* [WORK TO BE COMPLETED] Reproduce everything from the line that contains "Γιάννης Γιοκαρίνης - Οι" down to the line that contains "ram character in" in the listing below, word for word and nothing more. Leave the pictures out.

* [DATA FOR PROCESSING]
◇ ◇ ◇ ◇ ◇ ◇ ◇
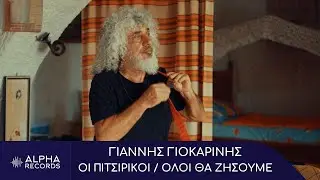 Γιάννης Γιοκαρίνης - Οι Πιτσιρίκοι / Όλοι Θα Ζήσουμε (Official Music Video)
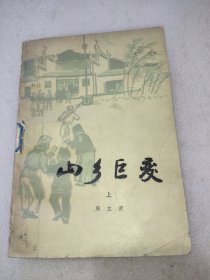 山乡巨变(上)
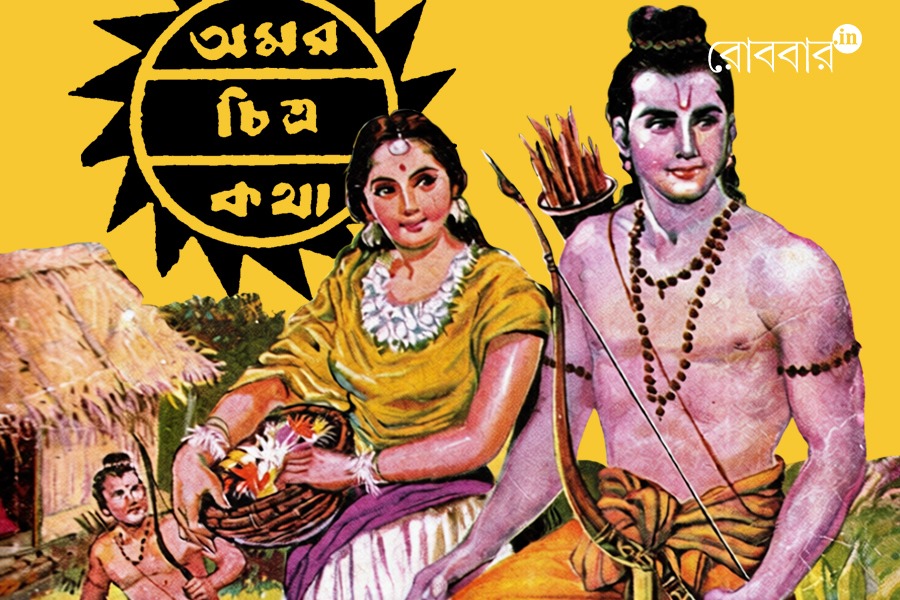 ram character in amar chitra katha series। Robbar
◇ ◇ ◇ ◇ ◇ ◇ ◇
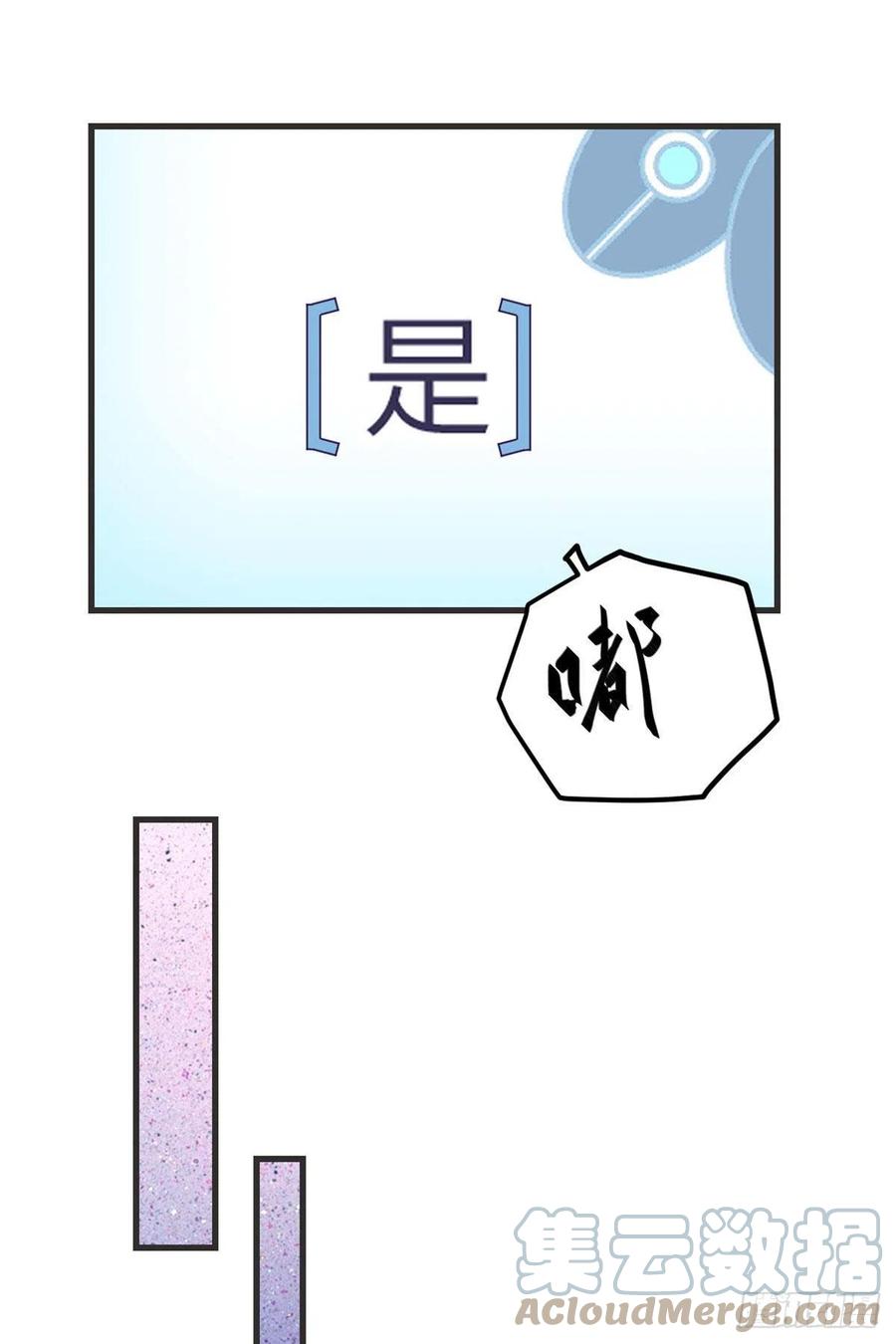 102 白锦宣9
◇ ◇ ◇ ◇ ◇ ◇ ◇
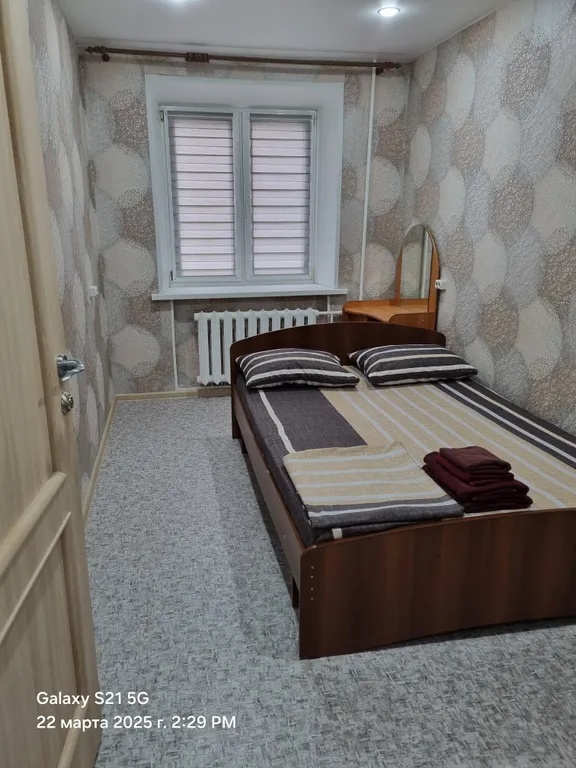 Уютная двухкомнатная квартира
◇ ◇ ◇ ◇ ◇ ◇ ◇
* [REPLY TO THE TASK]
 Γιάννης Γιοκαρίνης - Οι Πιτσιρίκοι / Όλοι Θα Ζήσουμε (Official Music Video)
 山乡巨变(上)
 ram character in amar chitra katha series। Robbar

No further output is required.